Within touching distance of taking one of those spots in the midfield is the highly talented Paul Pogba.
At just 20 years old, Pogba has similar characteristics to all three men ahead of him in the pecking order. He has great vision like Pirlo, superb dribbling ability like Marchisio and a physical presence similar to Vidal. This season Pogba will be a year older, wiser and stronger and is likely to feature in a rotating midfield as the games come thick and fast.
Further behind Pogba is Luca Marrone who is another good option to have in midfield, and the likes of Isla, Padoin and Asamoah are all capable of filling in on the odd occasion. Juventus are however without Felipe Melo, who has finally joined Galatasaray permanently after spending the last two seasons there on loan, and Emanuele Giaccherini has also left for Sunderland.
One complaint last season was that Juventus clearly lacked a world class striker to compliment the ability throughout the rest of the side.
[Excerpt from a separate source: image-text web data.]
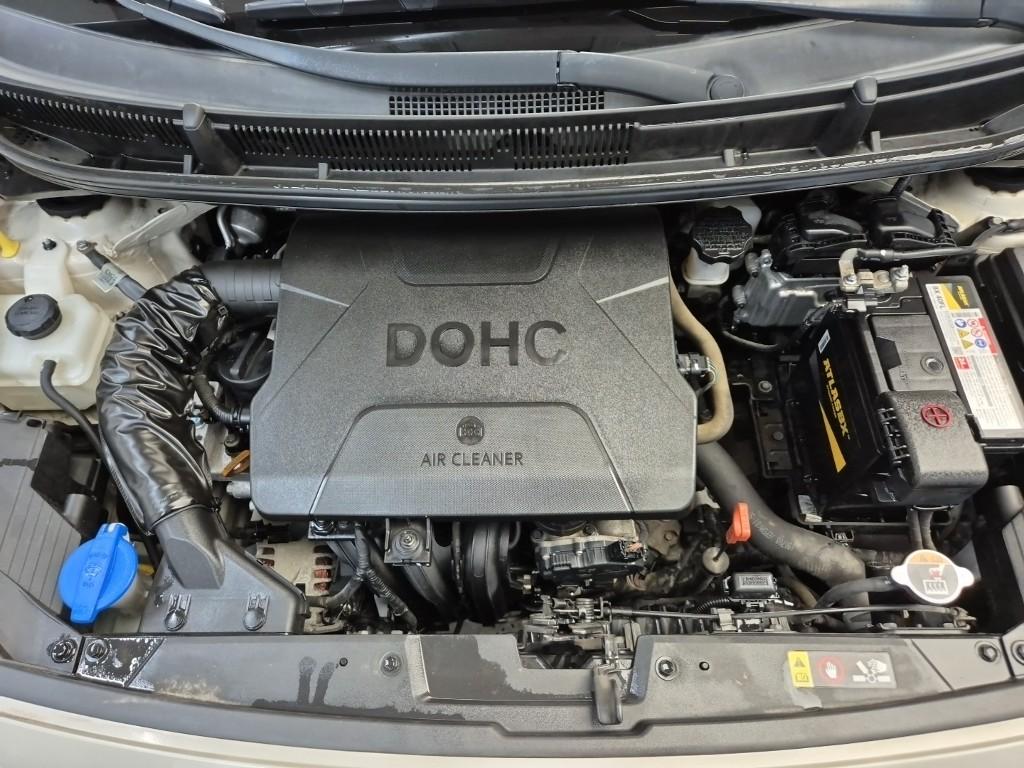 2020 KIA ALL NEW MORNING 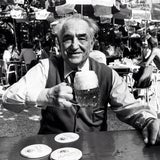 Karl Kolarik sen. brachte im Jahr 1926 der Budweiser Budvar Original Lager ins Schweizerhaus.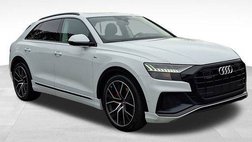 2020 Audi Q8 quattro Prestige 55 TFSI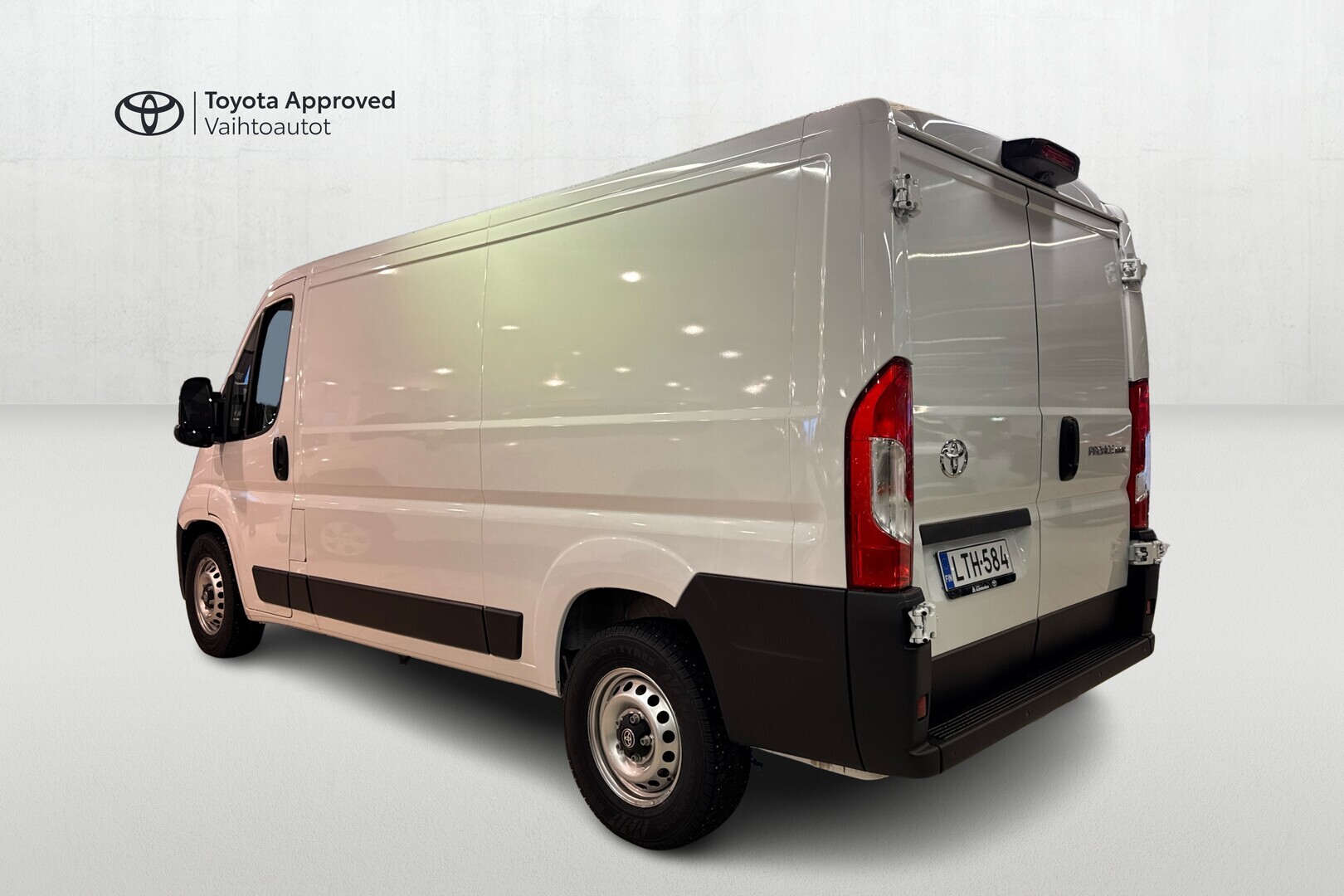 TOYOTA Proace MAX 2025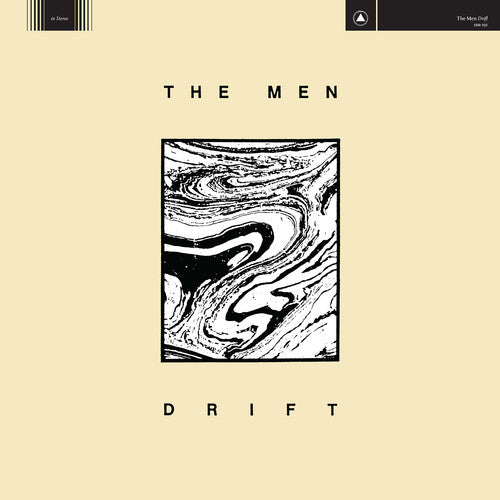the album cover for The Men - Draft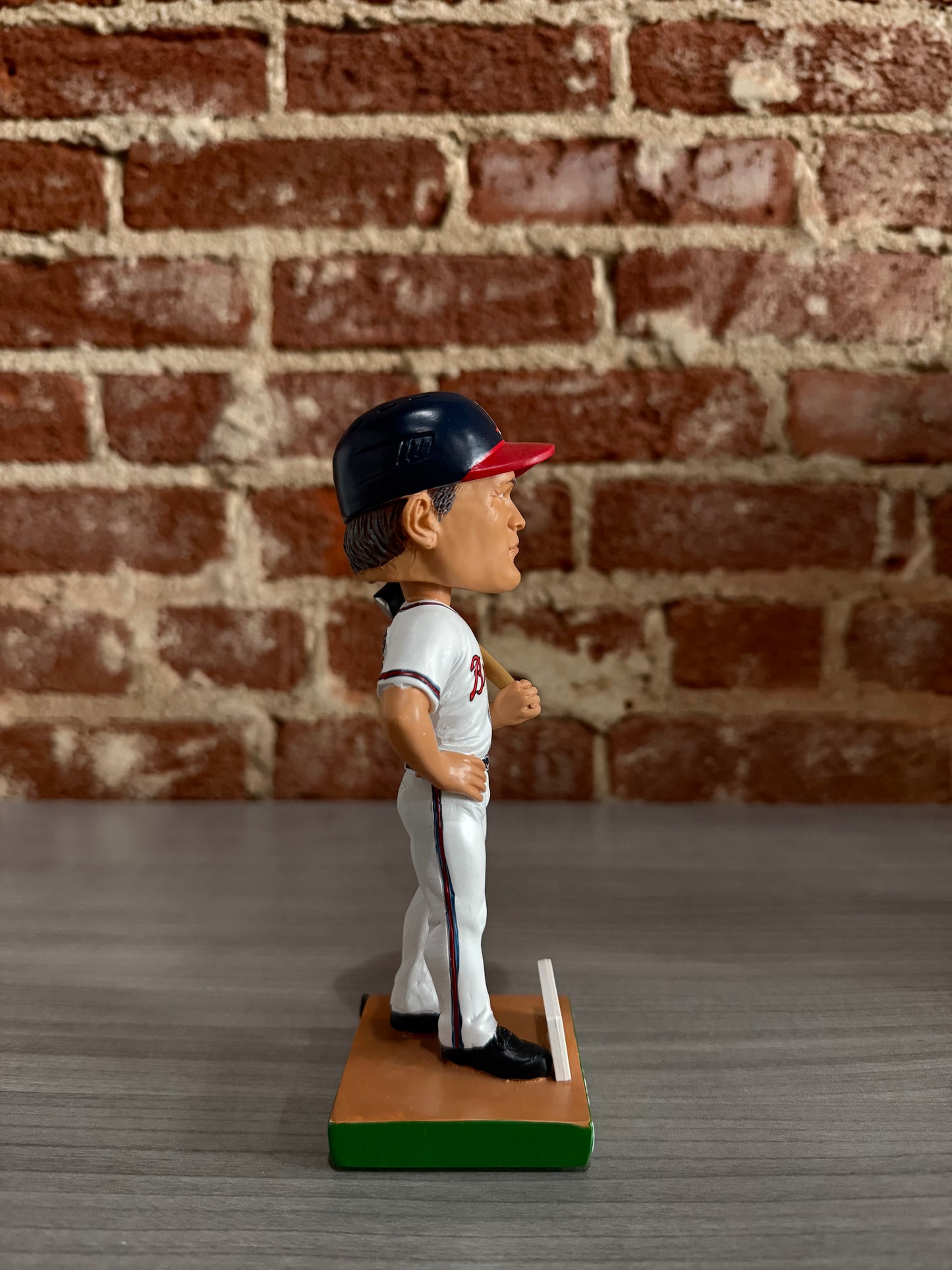 Chris Maloney Mississippi Braves Bobblehead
It says a lot that Vidal finished as Juventus’ top goalscorer on 10 league goals – and even more that both Nicklas Bendtner and Nicolas Anelka were seen as short-term options (although together contributed no goals in 13 matches).
That’s not to say that Sebastian Giovinco, Mirko Vucinic, Fabio Quagliarella and Alessandro Matri are bad footballers, they just aren’t of the necessary quality of a side striving to compete in the latter stages of the Champions League.
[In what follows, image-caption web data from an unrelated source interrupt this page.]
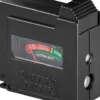 Analog batteritestare i mini-format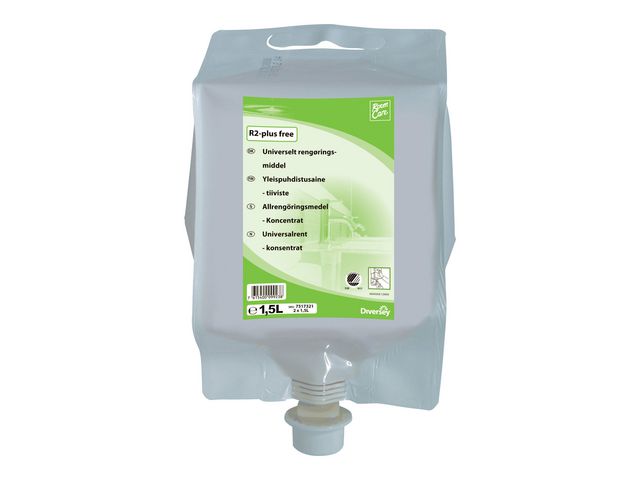 Room Care Allrengöring R2 plus free 1,5L, flaska om 1500 ml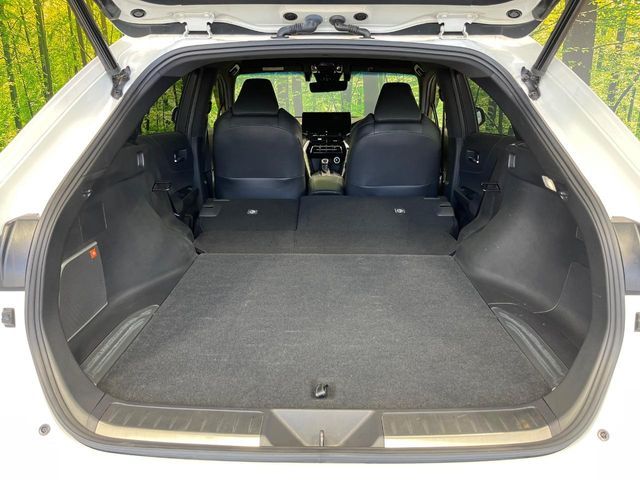 HARRIER 2WD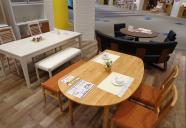 ダイニングセット　チェスカ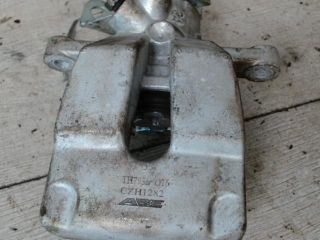 bontott RENAULT MEGANE II Bal hátsó Féknyereg Munkahengerrel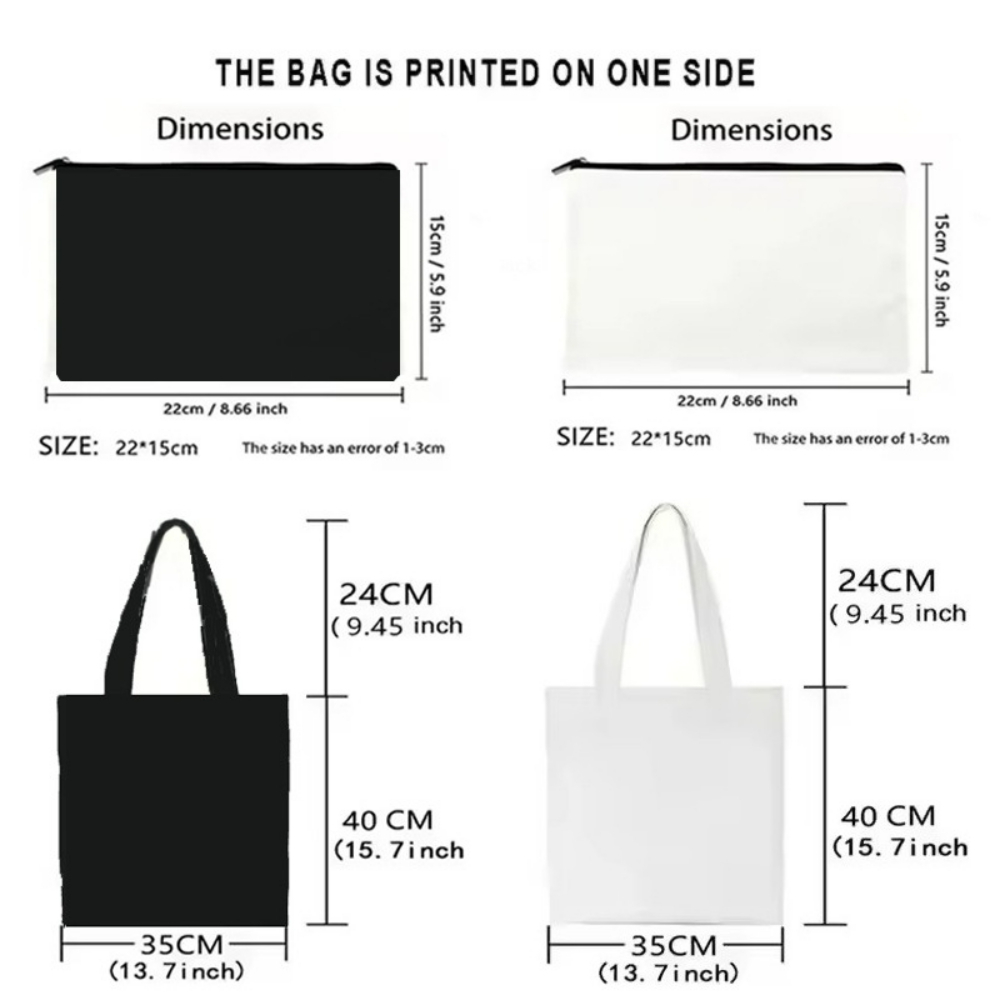 London UK Graphic Canvas Tote  - Women Bags Uk recension och pris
Conte has certainly taken his side up a level with his two summer signings in this area of the pitch. Fernando Llorente had long been linked with a move to Turin and Juventus officially signed the Spaniard at the beginning of July. At Athletic Bilbao Llorente’s record was 118 goals in 333 matches and he’ll provide an excellent focal point for Juve’s attacks.
Even more impressive though is the capture of Carlos Tevez from Manchester City, for just £10m plus £2m in add-ons subject to performances. Tevez is now entering what should be the prime of his career and is a real sign of Conte’s intent for the season ahead.
Having averaged a goal every three matches at Manchester United, where he was often left to do Cristiano Ronaldo’s dirty work, Tevez was commonly the main striker at Manchester City and this allowed him to add goals to his game – 73 in 138 matches to be precise.
With six strikers now on their books it’s likely that as many as two forwards will leave Juve before the end of the transfer window, with Quagliarella being heavy linked all summer with a host of mid-table Premier League clubs.
After the arrivals of Tevez and Llorente, it can be argued that Juventus haven’t had such a strong potential XI since the days of Lilian Thuram, Fabio Cannavaro, Gianluca Zambrotta, Patrick Vieira, Pavel Nedved, David Trezeguet, Zlatan Ibrahimovic and Alessandro Del Piero in the 2005-06 season. Juve will be clear favourites to win Serie A for a third successive year but Conte will also expect his side to go even further in Europe this season.
Having added some genuine attacking talent in the final third, to go with an extremely competitive midfield and highly experienced defence, Juventus may now be ready to compete once again with the best Europe has to offer.